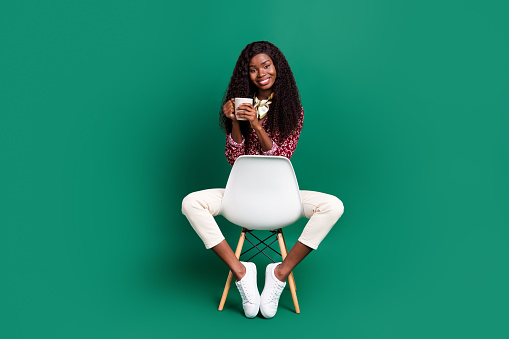 Photo of pretty sweet wavy dark skin lady wear print shirt sitting chair drinking coffee isolated green color background.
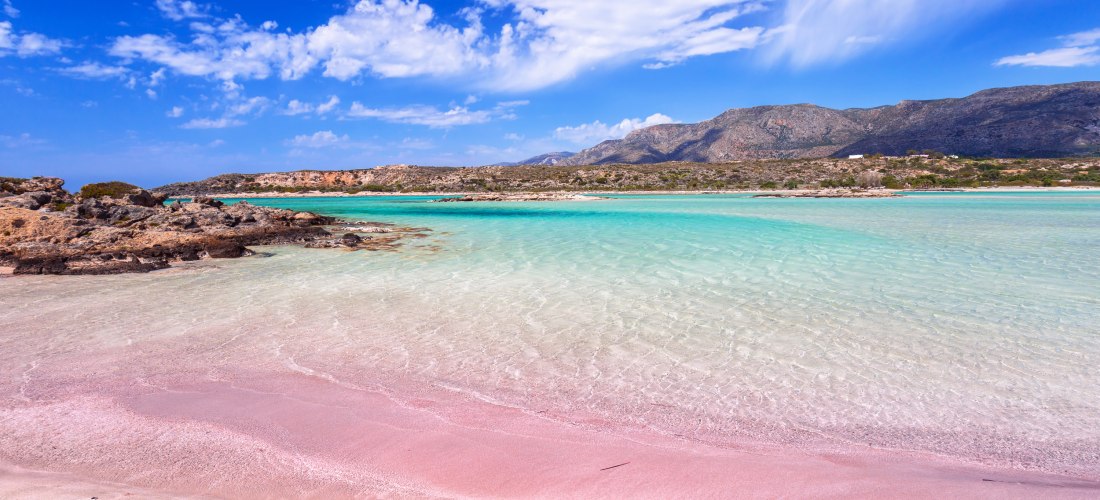 Strand mit türkisfarbenem Wasser und rosa Sand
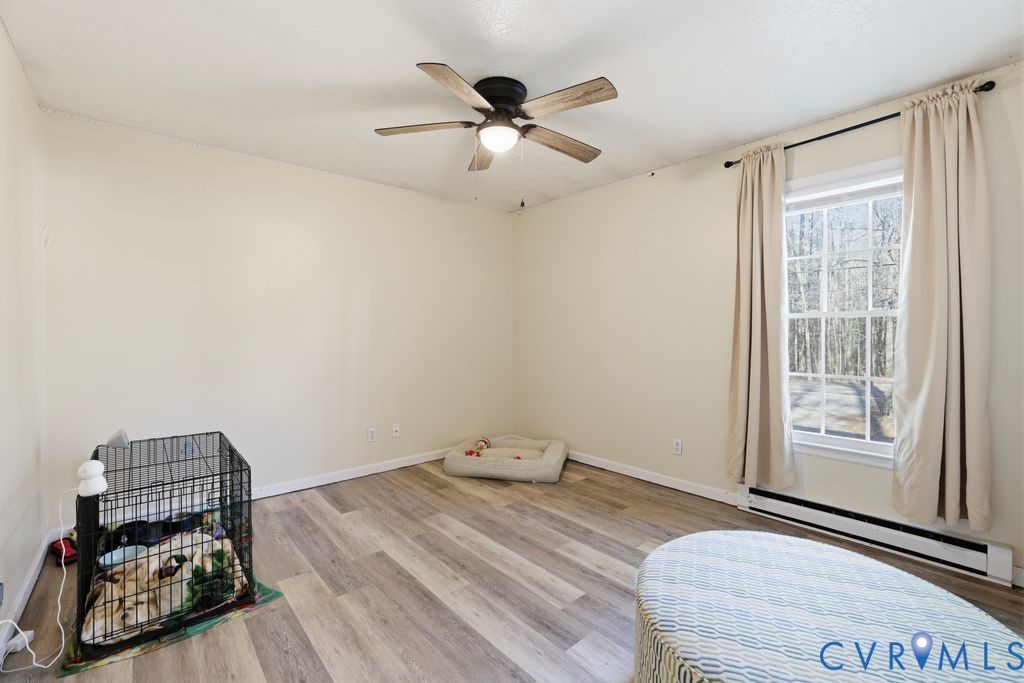 21104 Matoaca Road Petersburg, VA 23803 - Photo 18 of 22 a bedroom with a bed and wooden floor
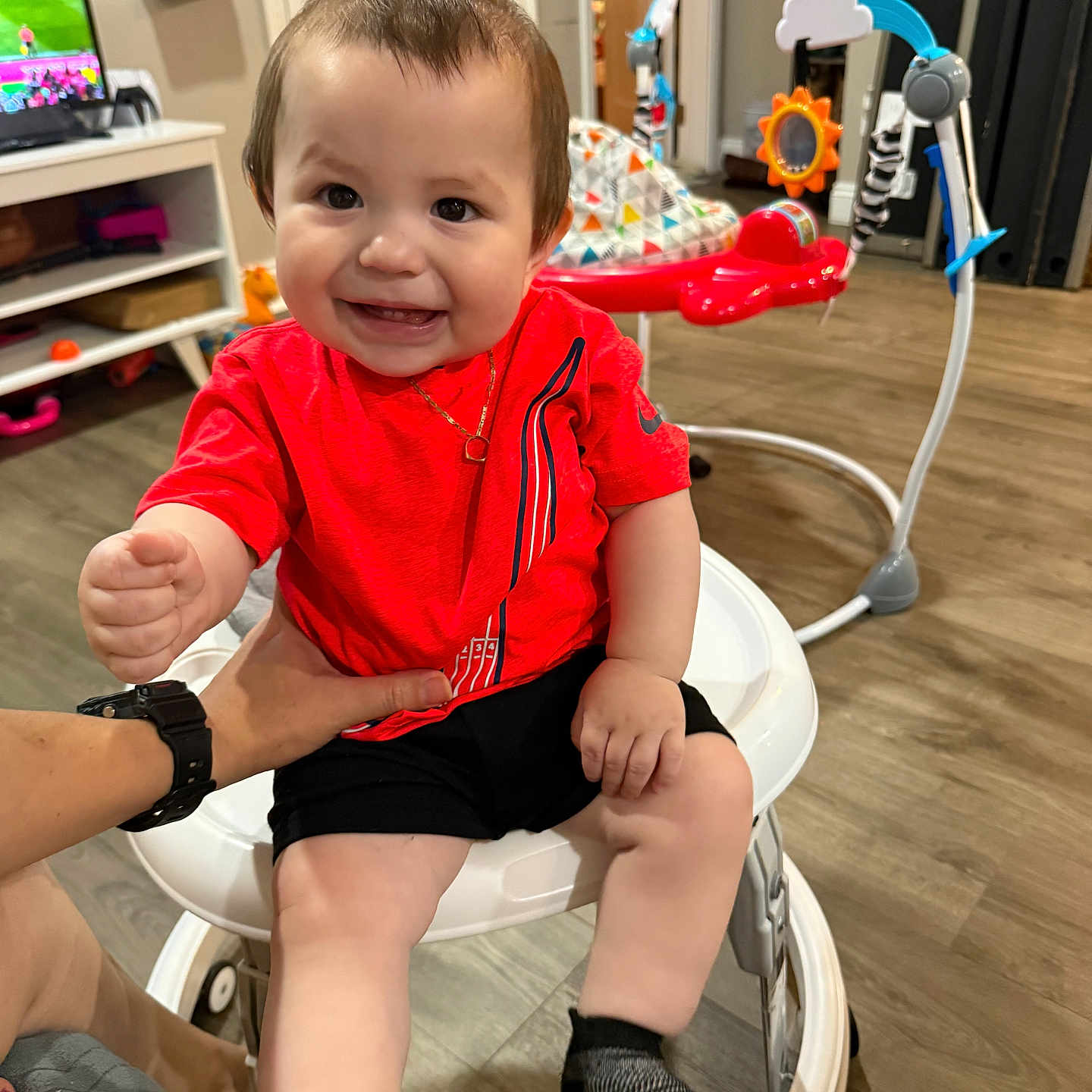 Ethan Mateo joined the competition — help win amazing prizes! baby, child, smile, red_shirt, walker, indoor, hand, toy, floor, person, furniture, television, activity_center, happy, clothing, shorts, socks, living_room, wood_floor, home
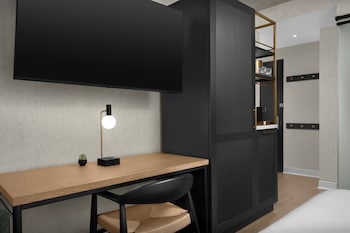 Hotel amenities such as safe, desk and work area at The Livingston, part of JdV by Hyatt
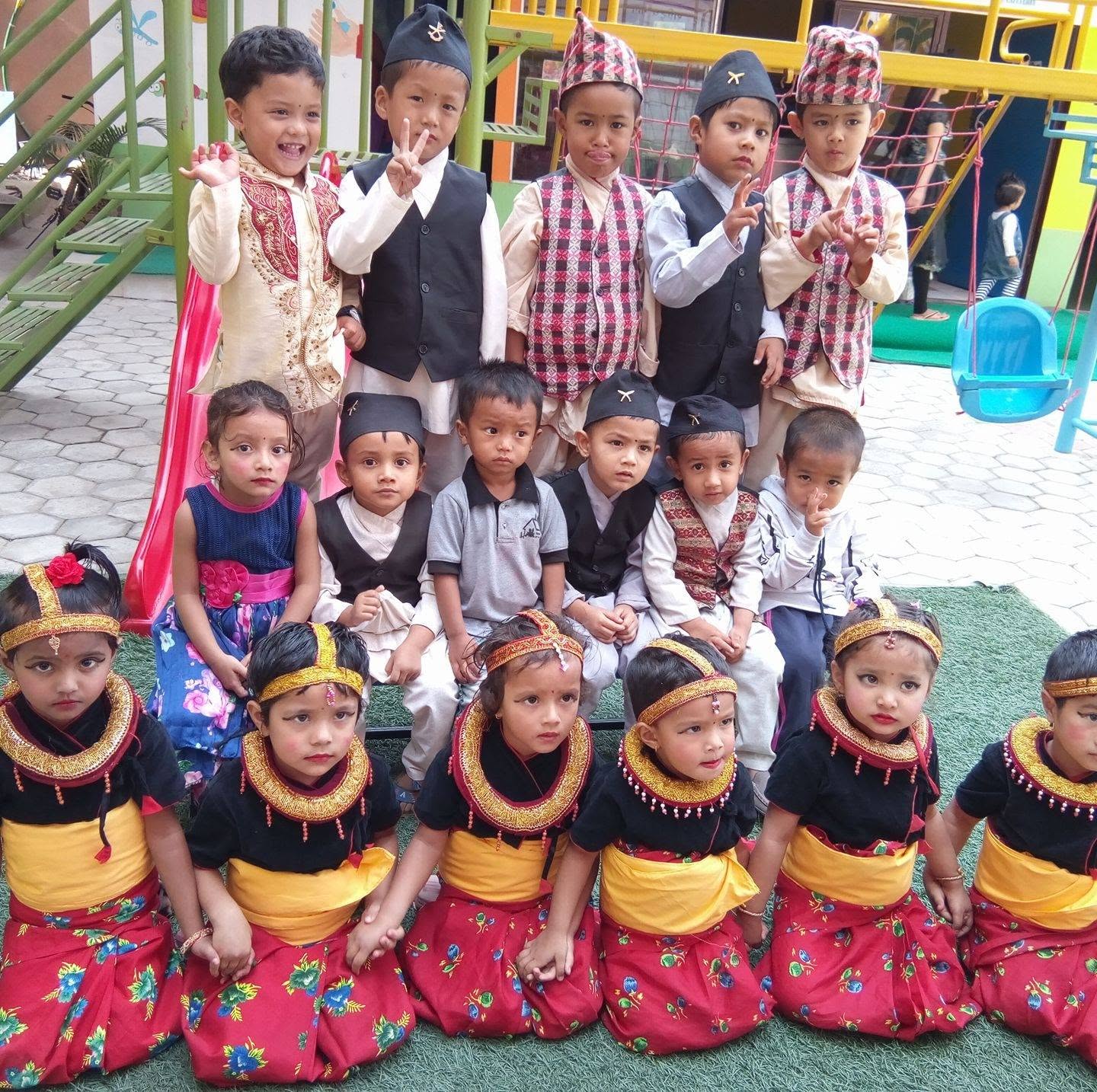 Children in traditional Nepali dress posing together in the school playground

★ ★ ★

When copying the listing, print each line exactly but leave out every picture.

→ **Exercise response**:
 Photo of pretty sweet wavy dark skin lady wear print shirt sitting chair drinking coffee isolated green color background.
 Strand mit türkisfarbenem Wasser und rosa Sand
 21104 Matoaca Road Petersburg, VA 23803 - Photo 18 of 22 a bedroom with a bed and wooden floor
 Ethan Mateo joined the competition — help win amazing prizes! baby, child, smile, red_shirt, walker, indoor, hand, toy, floor, person, furniture, television, activity_center, happy, clothing, shorts, socks, living_room, wood_floor, home
 Hotel amenities such as safe, desk and work area at The Livingston, part of JdV by Hyatt
 Children in traditional Nepali dress posing together in the school playground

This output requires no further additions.